Galeristin Karin Abt-Straubiner und Franziska Gehr vor einem Werk von Ferdinand Gehr. Foto: Martin Bernklau

Im Studio der Galerie Abtart sind Werke des Schweizer Sakralkünstlers Ferdinand Gehr zu sehen.

Möhringen - So ein kulturelles Joint Venture gibt es nicht alle Tage. Die Möhringer Galerie Abtart widmet sich gemeinsam mit der evangelischen Kirchengemeinde Sonnenberg dem vielleicht bedeutendsten modernen Sakralkünstler der Schweiz, Ferdinand Gehr. Er hat die Bildteppiche geschaffen, diese sechs im Kirchenjahrswechsel über den Altar gehängten Antependien, mit denen Farbe in die asketische Sonnenberger Kirche kam. Der Züricher Architekt Ernst Gisel hat sie vor fast 50 Jahren gebaut – ein lichtgeleitetes Gesamtkunstwerk der Moderne unter Mitarbeit von Fritz Leonhardt und Frei Otto für das Zeltdach.
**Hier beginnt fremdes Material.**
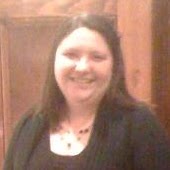 Heather Kuhn Photo 45
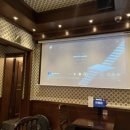 금별식당 이미지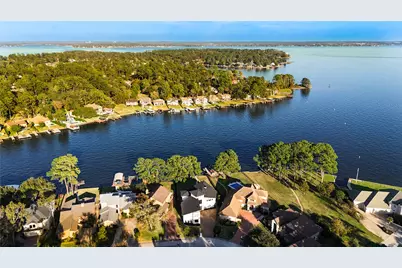 12406 Lake Shore Drive, Montgomery, TX 77356 - Photo 2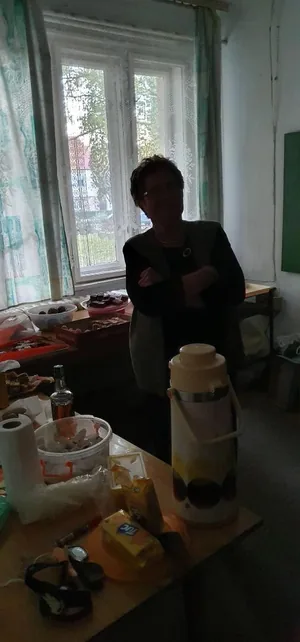 Fotók: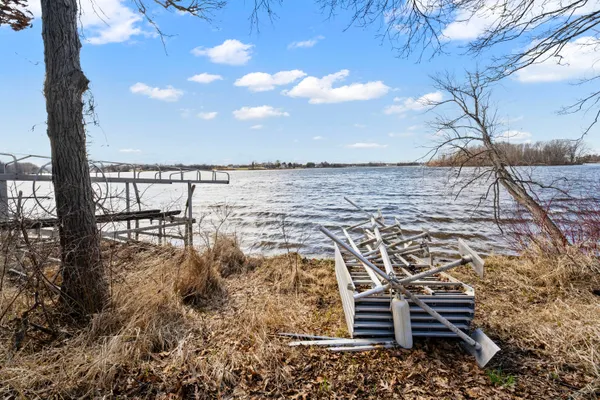 $199,900 | 19 Crystal Beach Drive, Sturgis, MI 49091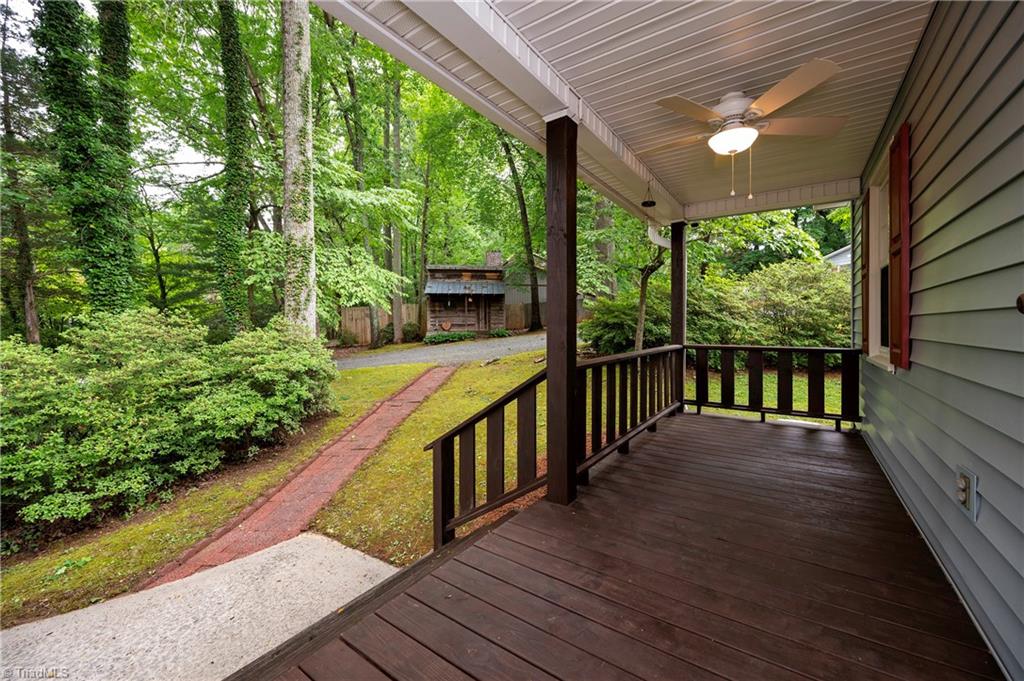 6175 La Crosse Court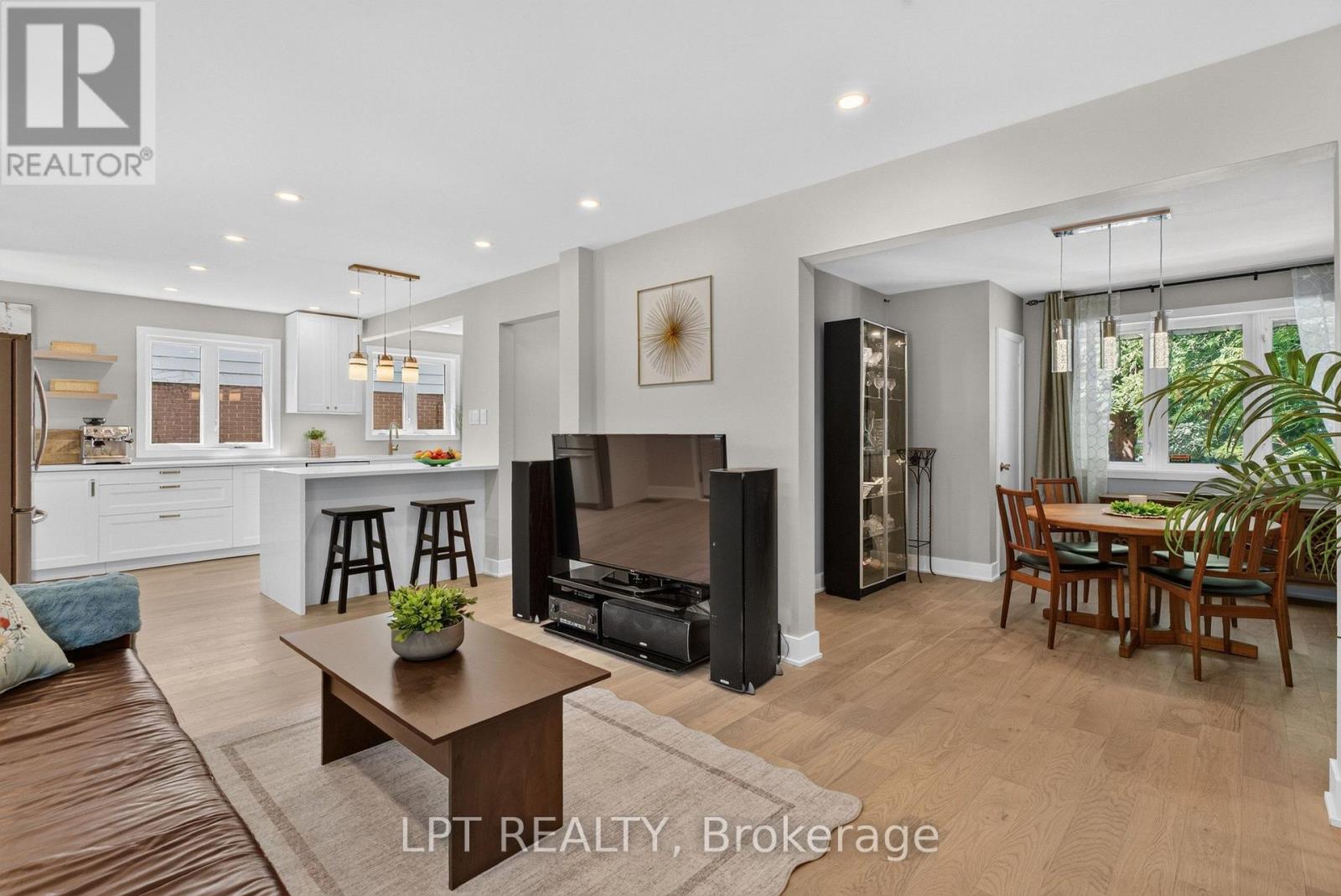 337 JOFFRE-BELANGER WAY - 7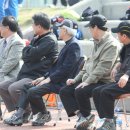 전주영생고등학교 이미지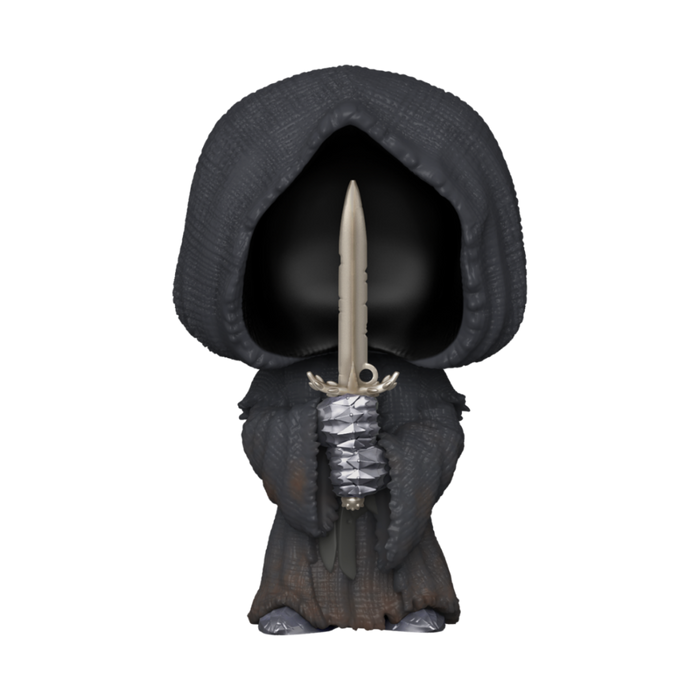 Funko POP Movies: Lord of the Rings - Nazgul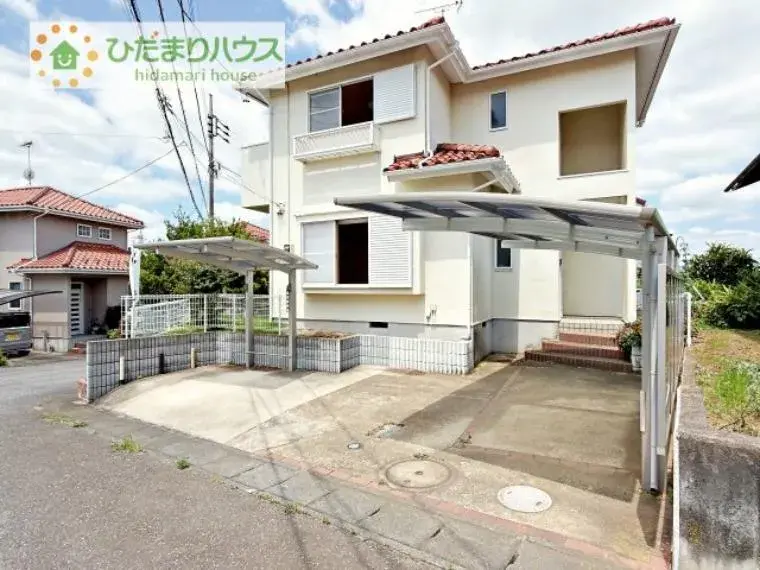 4LDK物件 土浦市 茨城県 (6)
Ferdinand Gehr ist 1996 fast hundertjährig gestorben. Zur besonders gut besuchten Vernissage im Studio 57A begrüßte Hausherrin Karin Abt-Straubinger nicht nur seine Tochter Franziska Gehr, die seinerzeit Mitarbeiterin war, die Teppiche nach seinen Entwürfen knüpfte und fürsorglich den Nachlass verwaltet. Auch Ernst Gisel war gekommen, der Baumeister des 1966 geweihten Gotteshauses. Pfarrer Johannes Bröckel von der Sonnenbergkirche war als wichtigster Partner natürlich auch zugegen. Er hielt, aus Anlass des Gehr-Gedenkens, am Vormittag des gestrigen Himmelfahrtstages einen gut besuchten Gottesdienst vor Ort: inmitten der spektakulären zeitgenössischen Architektur der Galerie Abtart.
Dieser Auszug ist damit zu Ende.